The Masons own and operate a business, West Coast Spin Doctors LLC (WCSD) that does
business as the Mason Wing Walking Academy (MWWA), and lists the Masons’ residential
property as the location.2 According to the Masons’ annual report filed with the Secretary of State
noting changes from 2022, WCSD was first registered in May 2009, and now lists Marilyn as both
the registered agent and governor of the business.
MWWA trains five-to-six students daily on wing walking within the Masons’ hangar.
Wing walking is described as “repetitive climbs from the cockpit to the upper wing rack and along
the lower wing” and “climbing around the exterior of the [plane] with a safety harness & cable.”
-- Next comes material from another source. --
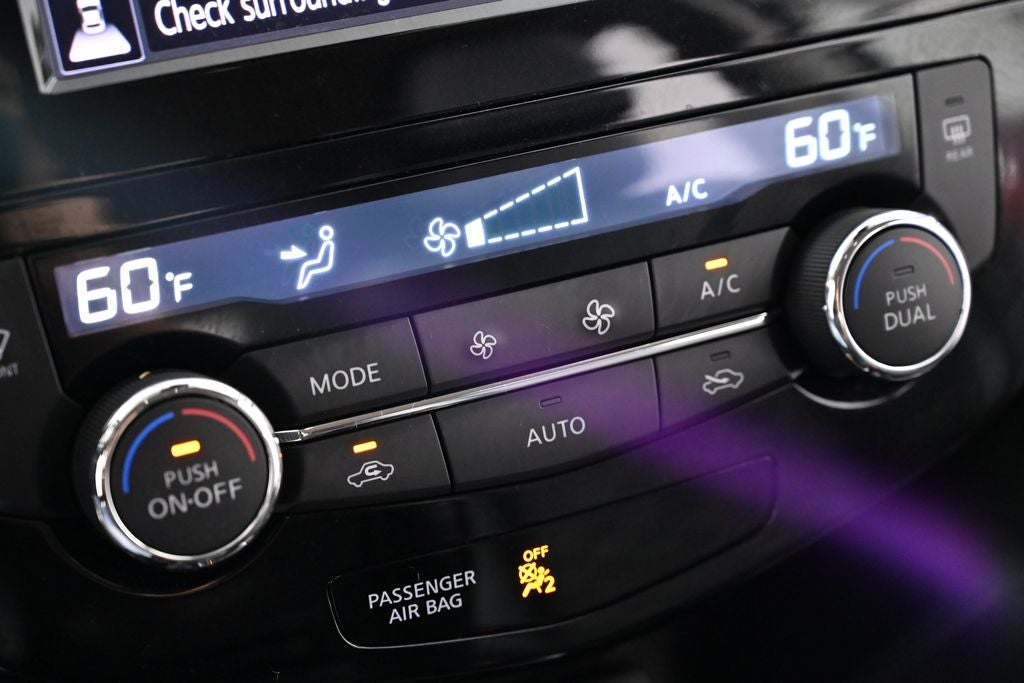2022 Nissan Rogue Sport SV Nissan Certified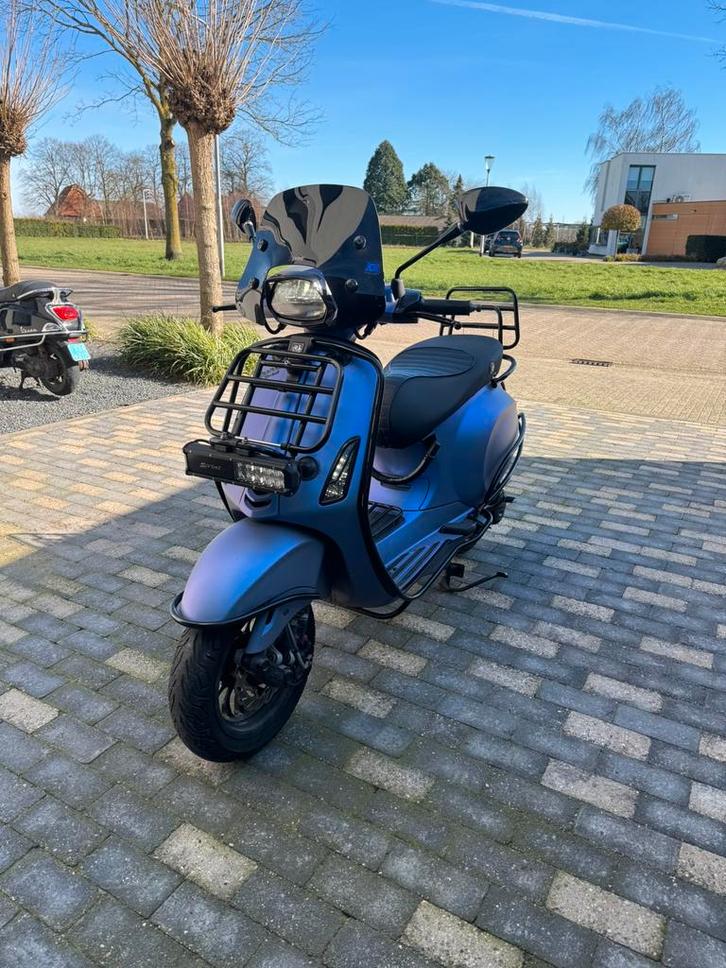 Vespa sprint, Fietsen en Brommers, Scooters | Vespa, Zo goed als nieuw, Overige modellen, Benzine, Ophalen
CP at 355-56. MWWA lists the cost of wing walking packages between $750 for the upper wing
and $985 for both wings. The package includes lessons, photos, and a flight. Lessons are
described as “a full day deal,” where people “show up first thing in the morning and spend typically
4-5 hours practicing and being coached on climbing around the exterior of the [plane] with a safety
harness & cable. When you have that down, we fly!” CP at 356.
2 Michael previously had noted that MWWA and his flights were two separate businesses and that the flights offered as part of MWWA were free. He had also noted that MWWA had insurance.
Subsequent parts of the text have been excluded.